Re:Vision Rockville in Baltimore: LASIK and Refractive Surgery with Maryland's Longest-Practicing Surgeon

Re:Vision Rockville, located in Rockville, Maryland just north of Baltimore's county line, is a refractive surgery practice where Dr. Roy S. Rubinfeld performs LASIK, PRK, and corneal cross-linking for patients willing to travel 45 minutes from downtown Baltimore for a surgeon with 30+ years of experience in the field.

What Re:Vision Rockville actually is

Re:Vision Rockville is a single-surgeon practice focused entirely on vision correction. Dr. Rubinfeld, who trained at the University of Maryland and has performed thousands of LASIK procedures since the late 1980s, runs the clinic with a team of technicians and surgical coordinators who handle preoperative testing and postoperative care. Unlike large multi-specialty ophthalmology groups, the practice does not treat cataracts, glaucoma, or macular degeneration; it exists solely for refractive correction in patients seeking an alternative to glasses or contacts. The practice is about a 45-minute drive from Harbor East or Canton, making it a destination choice rather than a walk-in convenience.

Services and pricing

LASIK at Re:Vision Rockville costs $3,500 to $4,500 per eye (confirmation of current pricing is recommended, as laser equipment upgrades can shift rates). PRK, a surface-based alternative used when corneas are too thin for LASIK, typically costs slightly less. Corneal cross-linking, a procedure that halts keratoconus progression, is priced separately and may be partially covered by insurance if medically necessary.

The practice does not advertise discounts for both eyes or package rates; pricing is per-procedure. Most major insurance plans do not cover LASIK (treated as elective), though FSA and HSA accounts are accepted. Financing through CareCredit or similar third-party plans is available but not prominently featured on the website.

How Re:Vision Rockville compares to Baltimore-area options

Baltimore's refractive surgery landscape is limited. Mercy Medical Center and University of Maryland Medical Center's ophthalmology departments offer LASIK through employee doctors or affiliated surgeons, but both practices emphasize general ophthalmology and are part of larger, slower-moving health systems. Hunt Valley Eye Care and several independent optometry-based practices in the region offer corneal topography screening and referrals for LASIK but do not perform the surgery on-site.

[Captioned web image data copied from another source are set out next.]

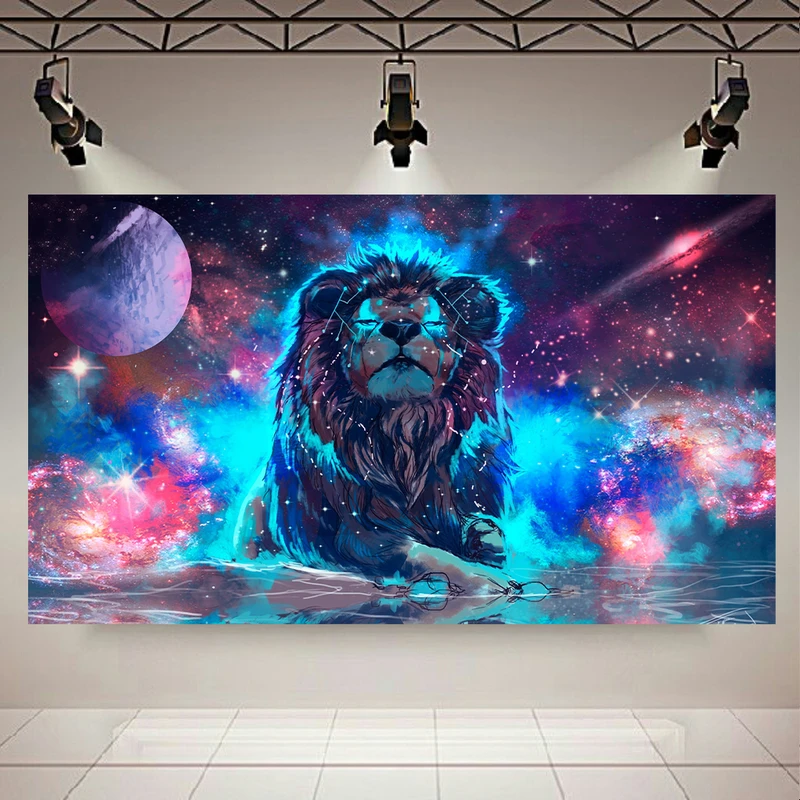 تابلو بوم طرح کهکشان و ستارگان مدل Lion کد AR3610
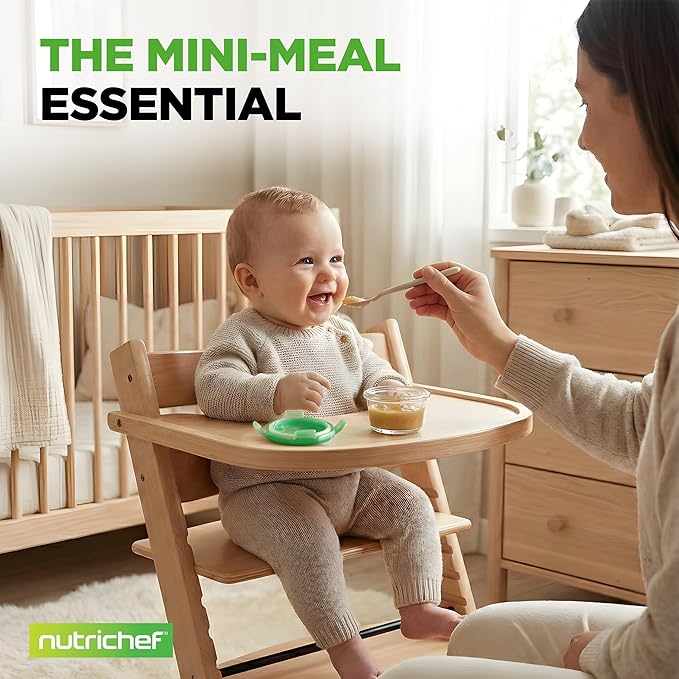 NutriChef 24-Piece (12 Glass Food Storage Containers and 12 Lids), 4.48oz Mini Stackable Meal Prep Round Containers - Microwave, Freezer, & Dishwasher Safe For Food, Snacks, Fruits, Nuts & More
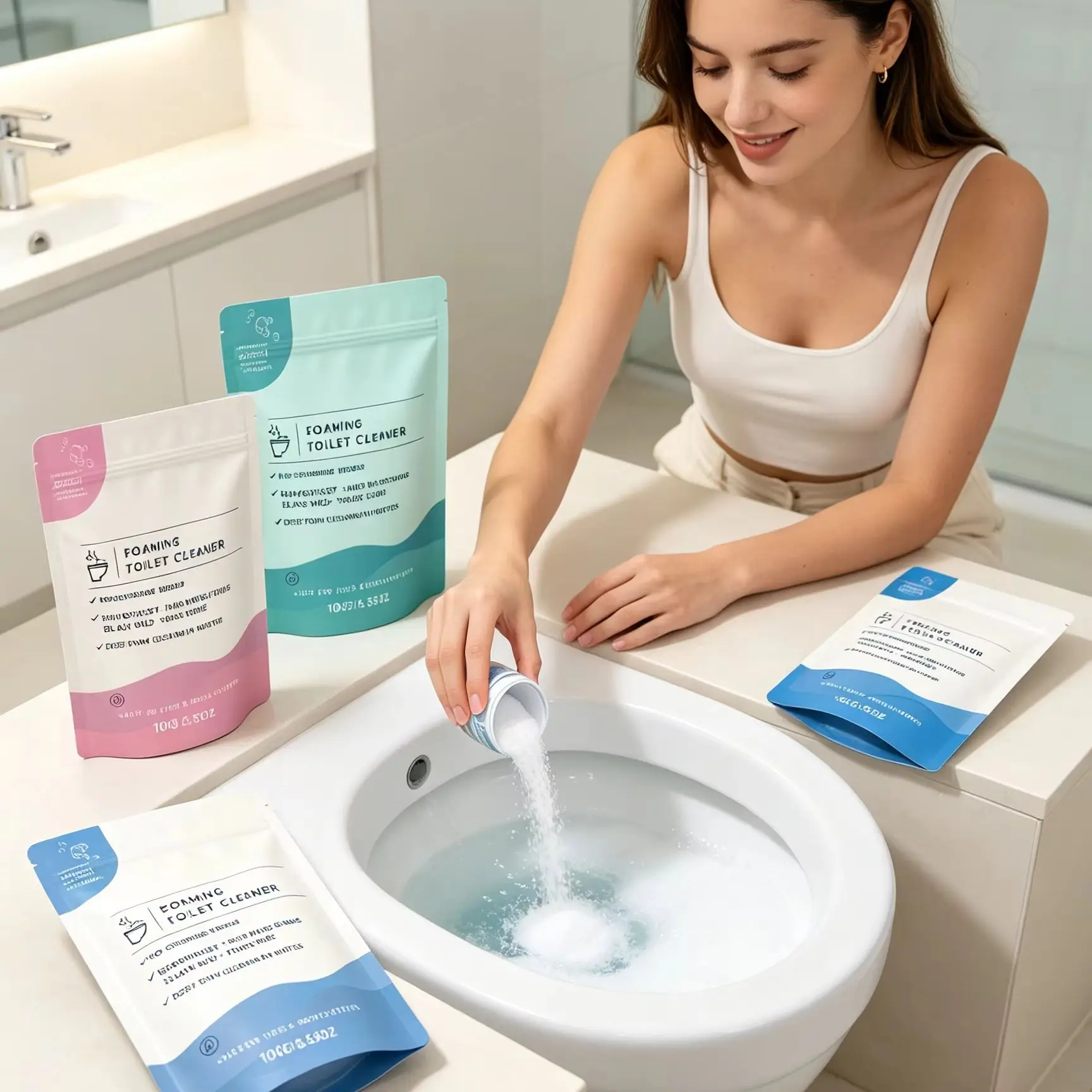 Toilet Foam Cleaner Powder for Bathroom Toilet Bowl Cleaner Stain Remover Fresh Scent Self Activating Toilet Cleaner Foam 100g - Image 5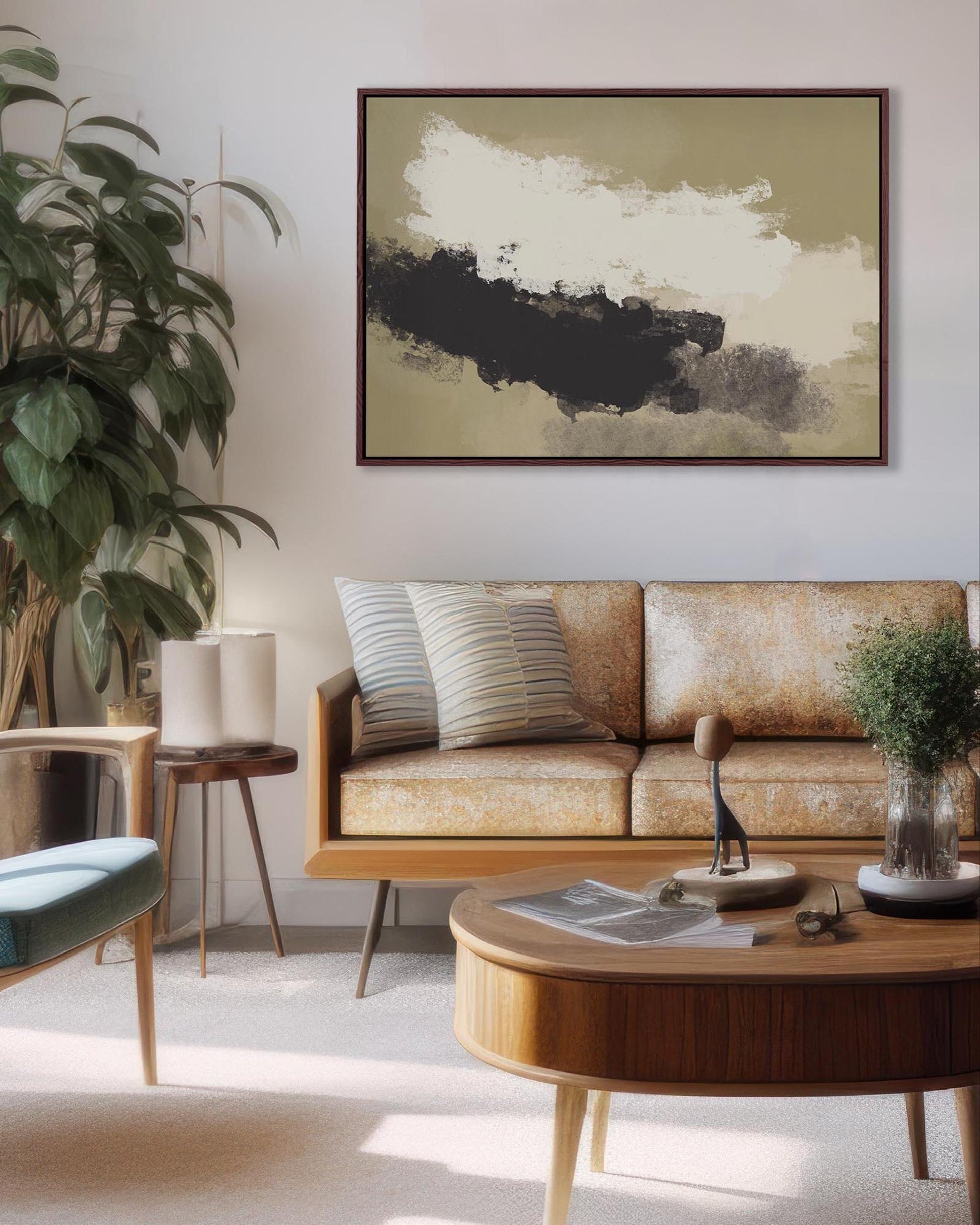 Modern living room with a beige sofa, wooden coffee table, and abstract art on the wall.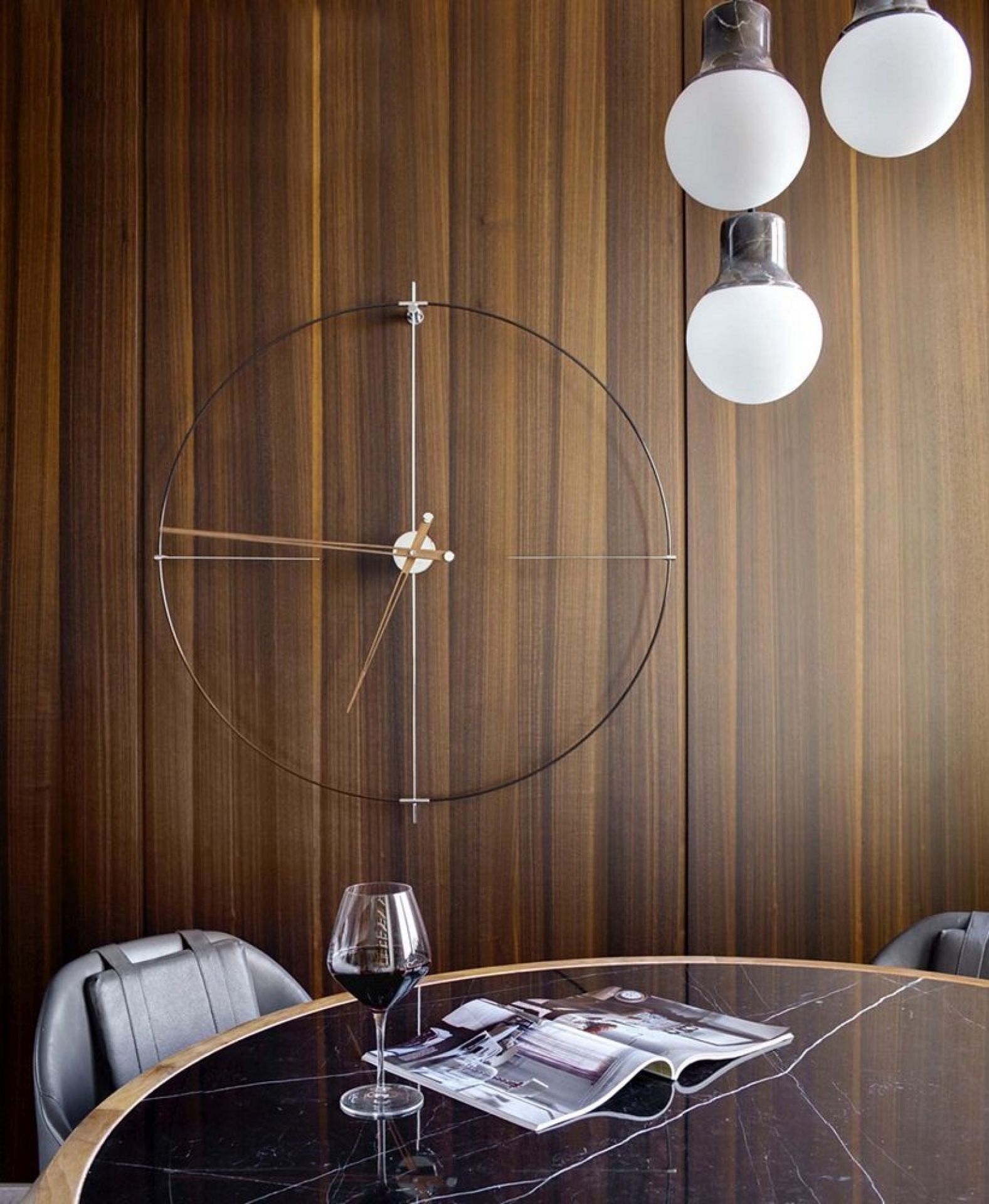 Bilbao N/ L Wall Clock nomon Black-White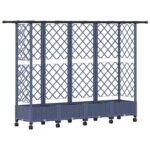 vidaXL Vyvýšený záhon s mriežkou a strechou Sivá 202,5 x 40 x 127 cm – Obrázok 2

Re:Vision Rockville's advantage is Rubinfeld's solo-practice model and extended experience. Patients who prioritize surgical volume and continuity with a single surgeon gain from this. The trade-off is drive time and lack of integration with Baltimore-based eye care networks. A Baltimore resident whose general eye doctor is in the Inner Harbor will need to manage two separate practices. For corneal irregularities or complex cases, Rubinfeld's 30+ years in PRK and cross-linking give him a deeper bench than rotating surgeons in hospital settings, though such cases are rare.

Who this suits and who it does not

Re:Vision Rockville is well-suited for:

  • Patients with stable prescriptions (myopia, hyperopia, mild astigmatism) who have tried contacts or glasses for years and want permanent correction.
  • Those with thin corneas or irregular astigmatism who need PRK or cross-linking rather than LASIK.
  • Individuals who value one surgeon's long-term follow-up over a large practice's logistics.

Re:Vision Rockville is not suitable for:

  • Patients seeking quick, local convenience. A 45-minute drive each way (screening, surgery, follow-ups) is a commitment.
  • Those with advanced cataracts, glaucoma, or other ocular disease requiring ongoing medical management; general ophthalmologists serve this group better.
  • Uninsured patients on a tight budget; the price floor is $3,500 per eye, with no discounting.

What the first visit involves

The initial appointment is a comprehensive screening that typically takes 90 minutes. A technician performs corneal topography (mapping the cornea's shape), wavefront analysis (measuring optical aberrations), and dilated refraction. Dr. Rubinfeld then reviews results and discusses candidacy. Some patients are cleared for surgery the same day; others are told to return in one to two weeks after a contact-lens washout period (during which contacts distort the cornea's shape). Dry-eye testing is standard, as LASIK can temporarily worsen dryness in the first months postoperatively.

Insurance questions and financing are handled by administrative staff before the exam, not after. The practice requests a records request from the patient's primary eye doctor if one exists; this is not required but helps Rubinfeld understand the patient's refractive history.

Hours, parking, and logistics

Re:Vision Rockville operates Monday through Friday, 9 a.m. to 5 p.m., with no weekend hours. The Rockville office has on-site parking. Patients should plan for two to three postoperative visits (one day after surgery, one week, one month) before transitioning to annual checks; some of these can occur with an optometrist closer to home if referral notes are requested in advance. The practice is closed on major federal holidays; confirm the schedule during July and December if booking in those months.

Re:Vision Rockville's sustained practice in refractive surgery since the late 1980s and its refusal to bundle other eye-care services give it a defined identity in the Baltimore region for patients who prioritize surgical precision over convenience.